Exoskeletonism: Writing Poetry about the Films of Akira Kurosawa

By | 1 May 2021

The Table

So, I’d tell them to think of their last assignment or chapter as an object, let’s say a table (many writing teachers will be finding this concept familiar).

Ok, you built a table and it wasn’t a very good table, then you got a bad mark, and the teacher referred you to me … Let’s help you learn some things to make a better table next time.

Then, I’d request that students just write something that we would then scope down and fix later. Even though they were not creative writers, they suffered from this same conflation of the self into the writing that creative writers do; they suffered and felt shame, the same as we do.

Bring me a pile of timber, I’d say, and I’ll talk to you about how to make the basics of a table. You can decorate it however you want, but I’ll let you know the basics of what it needs to not be an absolute piece of shit.

Through establishing this with my students repeatedly, the way I teach started getting into my own brain, and it became clear that it would be hypocritical not to use this approach myself. I’d always been completely incapable of doing this during my own studies, even right up to completing my PhD in Creative Writing. But it was the PhD that got me writing notes while watching films. It was then that I began close-reading images and scenes and noticing things or asking questions to an extent that I would never do consciously when normally watching a film. Then I would look at the notes, choose an image or an idea, or a way I had automatically described something, and go towards making poems from the chosen idea and images.

But when I had to write from myself, instead of as an ekphrastic act, the freedom to do so came from the practicality of working in the business school, and from the basics of building a table. A communicative object, separate from your stream of thoughts, from the original moment. A new thing. A constructed thing. This new thing also helps the writer to remain separate from any prematurely-deployed judgements of what the final form might be, where perhaps you try to build a table before you’ve got anything like glue or screws to put it together. That can be bad too.

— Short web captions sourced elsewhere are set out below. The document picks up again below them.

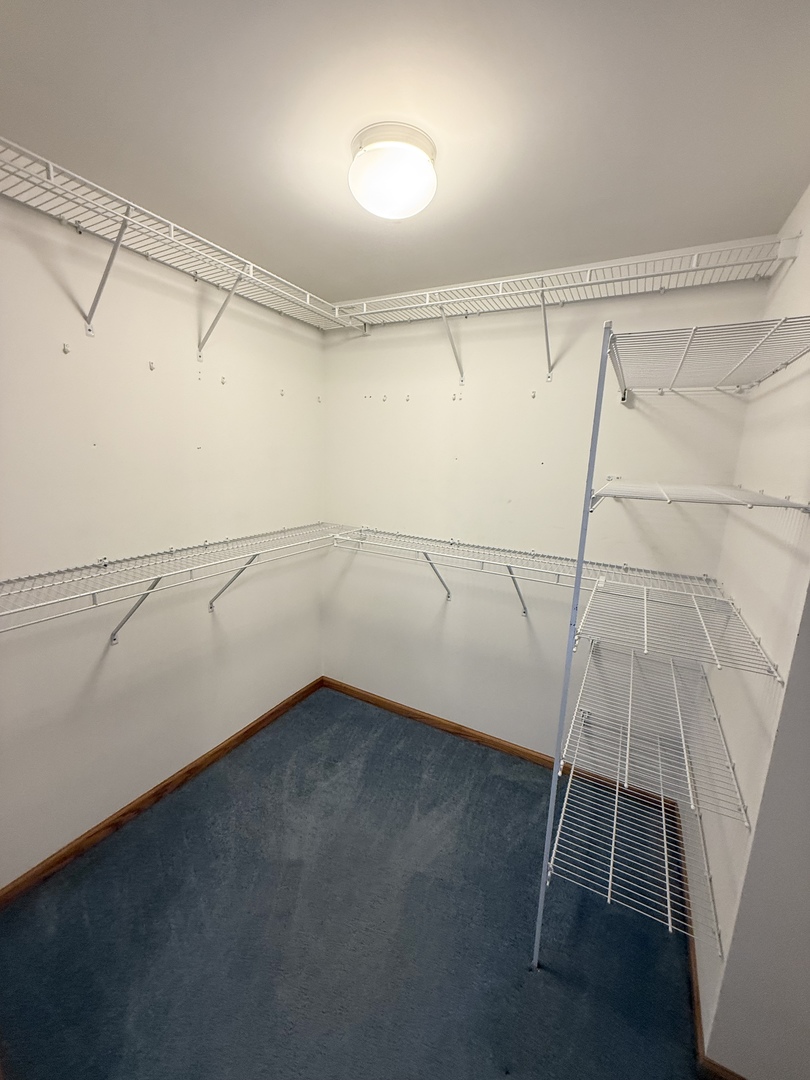 7928 Trinity Circle #2NW, Tinley Park, IL 60487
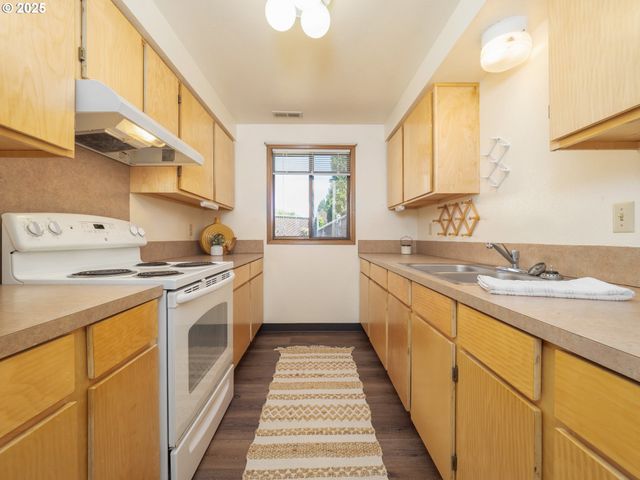 919 CHARLES St A, Newberg, OR 97132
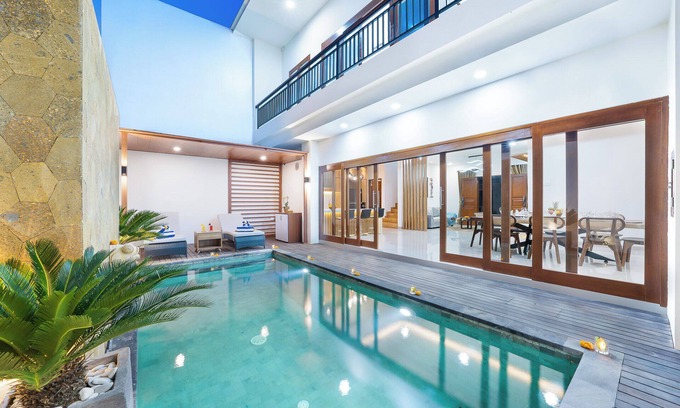 Denpasar Barat Villa | Luxury, 2-Bedroom Villa in Seminyak with Billiard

So, I began to write a lot. Having started to recognise that I had loads of timber and relatively few tables, I then started to look back on my writing with more of a searching eye. I started to look through, say, a pile of writing which I was sure was just diary notes (as opposed to recognised poetry drafts I had put aside for editing), and there were always poems in there, arguably complete poems – the beginnings of respectable tables which, like dreams, I had completely forgotten but could recall vividly when I pulled one piece from the pile. In the piles of raw material, often, quite table-like shapes already exist. This is my chance to choose to construct them, to finish them. To resolve the metaphors. To move onto new images. But just like with the bandit waking in the lonely oil of the celluloid, some images seem to want me to continue to interrogate them. For example, the image of the exoskeleton, which would start to appear in additional places to where it began. The image derived from one film began to describe phenomena in other films. The poem may have resolved an image in one aspect, perhaps, but not in its definitive aspect – defining why it had stayed with me, and why it continued to come up in my daily writing.